We also examined the correlation of protein expression between primary CRC and corresponding CRCLM, as alterations present in the primary tumour are frequently also present in the corresponding metastases (Stange et al, 2010; Knijn et al, 2011). Although PTGS2 expression in CRCLM was correlated to its expression in patient-matched primary tumours (P=0.02), this was not the case for EGFR expression (P=0.51). Similar differences in EGFR expression between primary CRC and CRCLM have been reported by others and could be explained by an increase of genetic alterations commonly detected during tumour progression and metastasis (Diep et al, 2006; Yarom et al, 2010). The correlation between PTGS2 expression in primary CRC and CRCLM may indicate that protein levels in CRCLM are to a certain extent predetermined by molecular alterations present in the primary CRC. Although predicting PTGS2 expression in CRCLM from its expression in the corresponding primary tumour may seem appealing, one should be cautious as still 30.8% of PTGS2 expression scores of CRC-CRCLM pairs were discordant.
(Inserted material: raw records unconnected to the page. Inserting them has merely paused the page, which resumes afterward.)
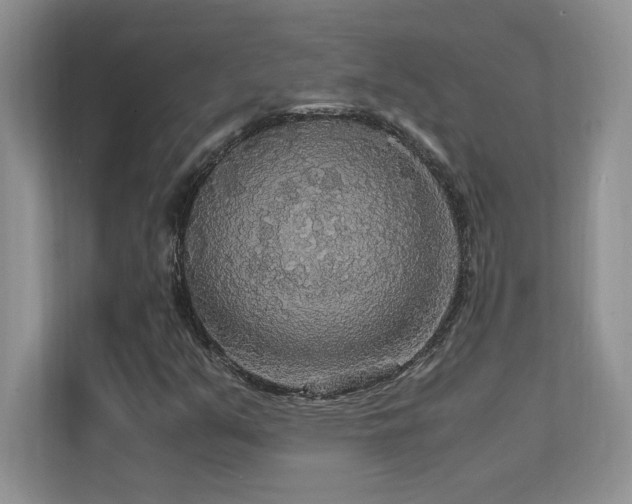 X0000112151351200908071108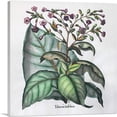 thumbnail image 1 of ARTCANVAS Tobacco Plant - Tabacum Latifolium Canvas Art Print by Besler Basilius - Size: 18" x 18" (0.75" Deep), 1 of 9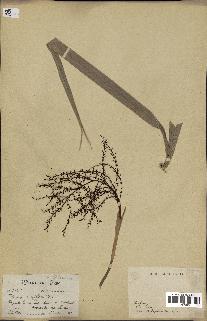spécimen de Thrinax parviflora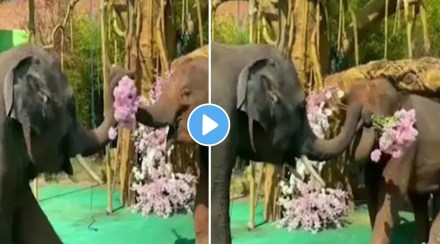 Elephants proposal video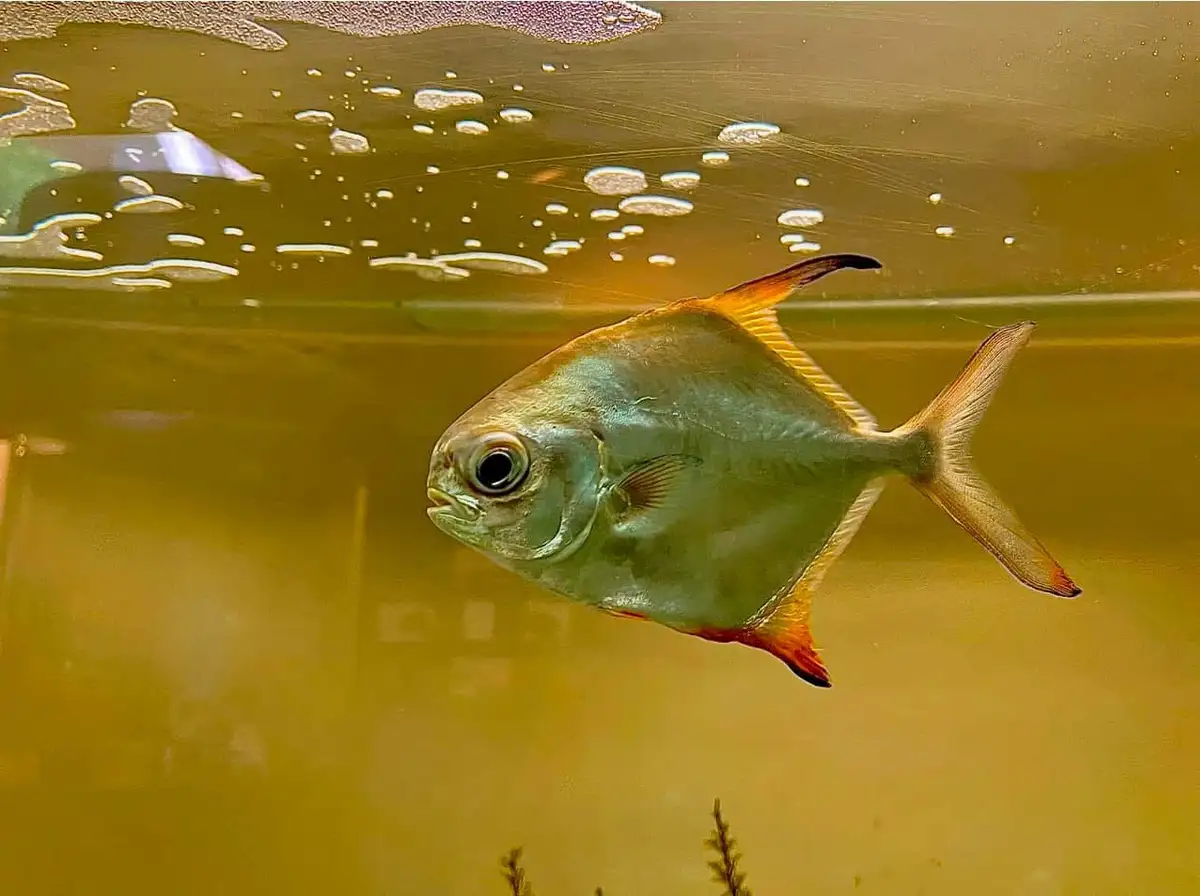 A silver fish with orange-tipped fins swims in murky yellow water, looking directly at the camera with a human-like…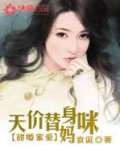 甜婚蜜爱：天价替身妈咪 作者：袁诞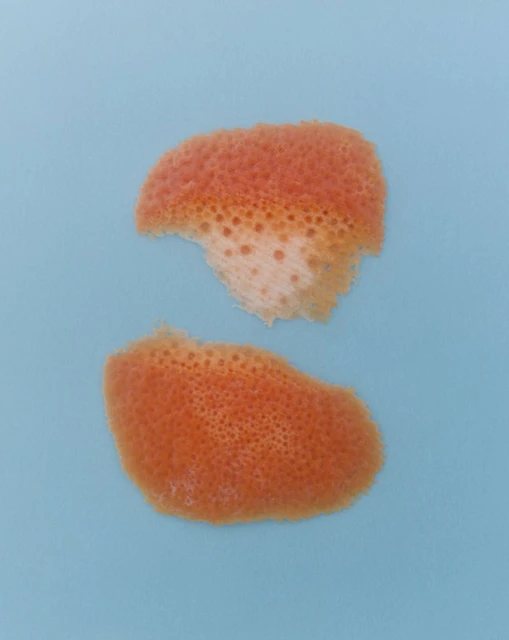 Close-up shot of two orange peel pieces on a light blue background, displaying a textured surface and vibrant color contrast.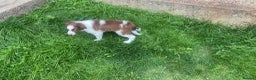 Border Collie dogs for sale: White and brown border collie  - Advert 3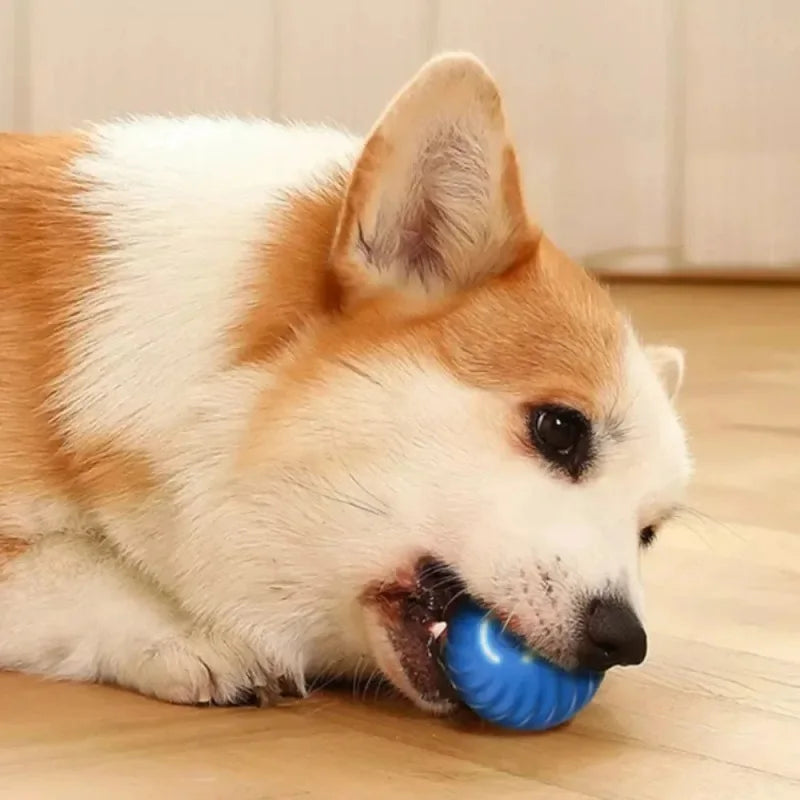 Automatic Smart Moving Dog Toy Ball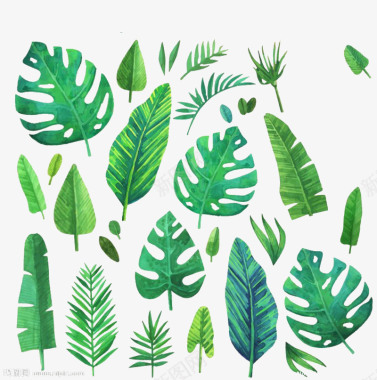 绿色植物叶子装饰图标图标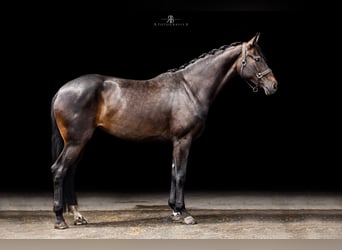 Baden Württemberger, Giumenta, 8 Anni, 167 cm, Baio scuro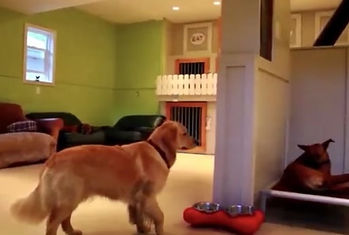 Pittsburgh_Pet_Concierge_Interior_Dog_Boarding_Dog_Daycare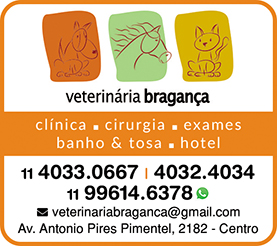 Veterinaria Braganca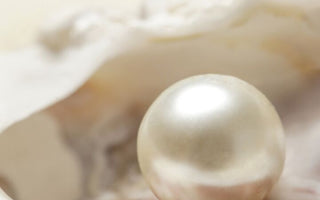 Perlas, la primera gema en la joyería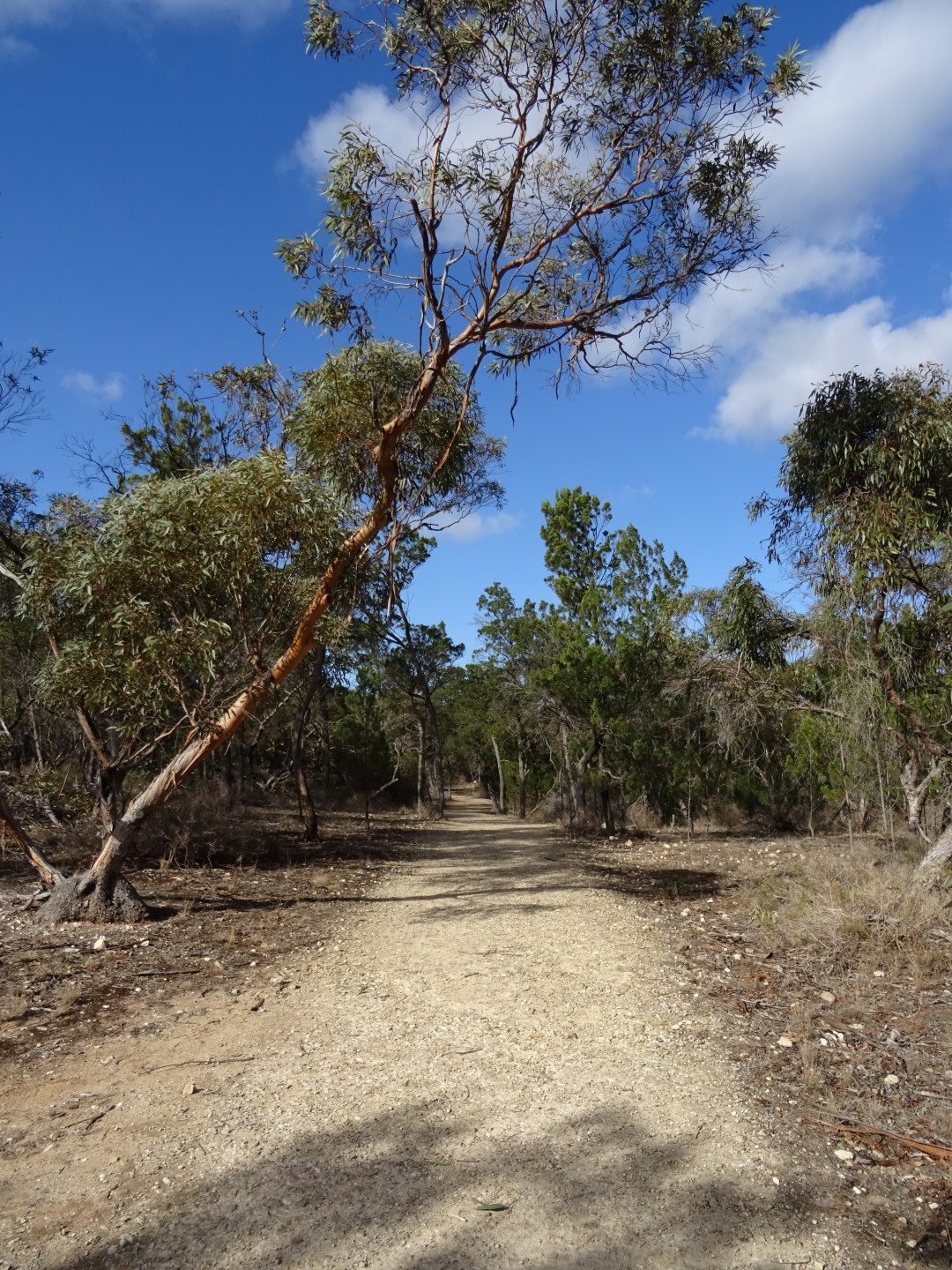 The Ridge Track at Monarto Zoo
The primary CRC-CRCLM correlation observed for PTGS2 expression, and the lack of it for EGFR expression, suggests that the role of PTGS2 expression in early colorectal carcinogenesis is more prominent than that of EGFR expression. This is in accordance with earlier findings that identify alterations of PTGS2 expression as early phase events and relate changes in EGFR expression to later stages of cancer development (Charalambous et al, 2003; Attolini et al, 2010).

In conclusion, EGFR and PTGS2 expressions are prognostic biomarkers for patients with resectable CRCLM, predominantly in patients not treated with systemic therapy. Further research is required to fully characterise the impact of these and other molecular alterations, such as mutation status of the predictive biomarkers KRAS, BRAF and PIK3CA (Tougeron et al, 2013), and establish optimal treatment for individual patients with CRCLM.